一般には6月24日に賢治は帰花したと言われているようだから、帰花した途端に「伊豆大島行」を含めた3週間程<*1>の不在を悔いて、即
さああしたからわたくしは
あの古い麦わらの帽子をかぶり
黄いろな木綿の寛衣をつけて
南は二子の沖積地から
飯豊 太田 湯口 宮の目
湯本と好地 八幡 矢沢とまはって行かう
ぬるんでコロイダルな稲田の水に手をあらひ
しかもつめたい秋の分子をふくんだ風に
稲葉といっしょに夕方の汗を吹かせながら
みんなのところをつぎつぎあしたはまはって行かう
と賢治は意気込んでいたであろう、とばかり私は今まで思っていた。
なぜならば、田植えの終わったこの時期こそ以前ならば賢治があちこちを飛び回って稲作指導をしていた時期であり、一方で肥料設計をしてもらった農民達は特にその巡回指導を首を長くして待っていた時期であるはずだからである。
ところが、伊藤七雄に宛てたという書簡下書に次のようなもの
〔240〕〔七月初め〕 伊藤七雄あて書簡下書(一)
…こちらへは二十四日に帰りましたが、畑も庭も草ぼうぼうでおまけに少し眼を患ったりいたしましてしばらくぼんやりして居りました。
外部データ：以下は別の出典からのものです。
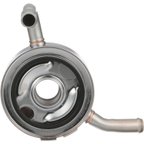 Standard Ignition OCK74 Engine Oil Cooler - view 3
いまはやっと勢いもつきあちこちはねあるいて居ります。…
<『校本宮澤賢治全集第十三巻』(筑摩書房)577pより>…こちらへは二十四日に帰りましたが、畑も庭も草ぼうぼうでおまけに少し眼を患ったりいたしましてしばらくぼんやりして居りました。いまはやっと勢いもつきあちこちはねあるいて居ります。…
があるということをこの度知った。いままでの私は、当時眼を患っていたと賢治が言っていたことは知っていたが、実は「しばらくぼんやりして居」たなどということは全く知らずにいたので、極めて意外なことだった。
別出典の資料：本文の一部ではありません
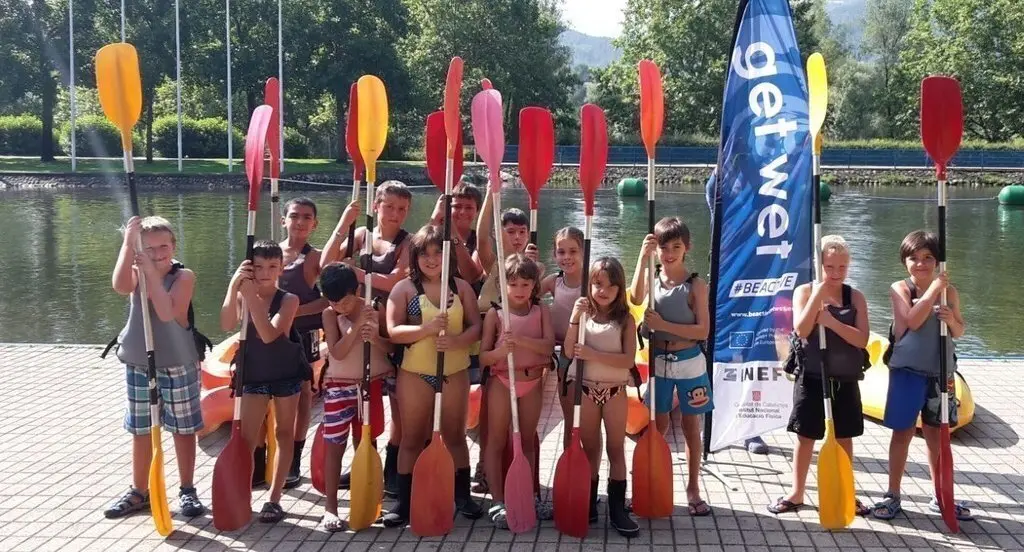 parc-segre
そしてもしそうであったとするならば、この下書の「しばらく」という表現や「やっと」というそれからは、賢治が帰花直後の24日や25日にこの「澱った光の澱の底」というタイトルの詩を詠んだということはなかったであろう。このような「勢い」を帰花直後の賢治は持ち合わせていなかったであろうと判断できるからである。少なくとも、この表現からは帰花後の数日(5~6日)は何も出来ぬままに賢治は下根子桜で茫然としていた可能性の方が高いことになろう。
したがって、このことを踏まえての私の推測は
・賢治が「澱った光の澱の底」というタイトルの詩を詠んだのは6月下旬をさらに下るであろう。
である。そしてもっと具体的に言えば、・賢治が「澱った光の澱の底」というタイトルの詩を詠んだのは7月上旬、それも7月5日であろう。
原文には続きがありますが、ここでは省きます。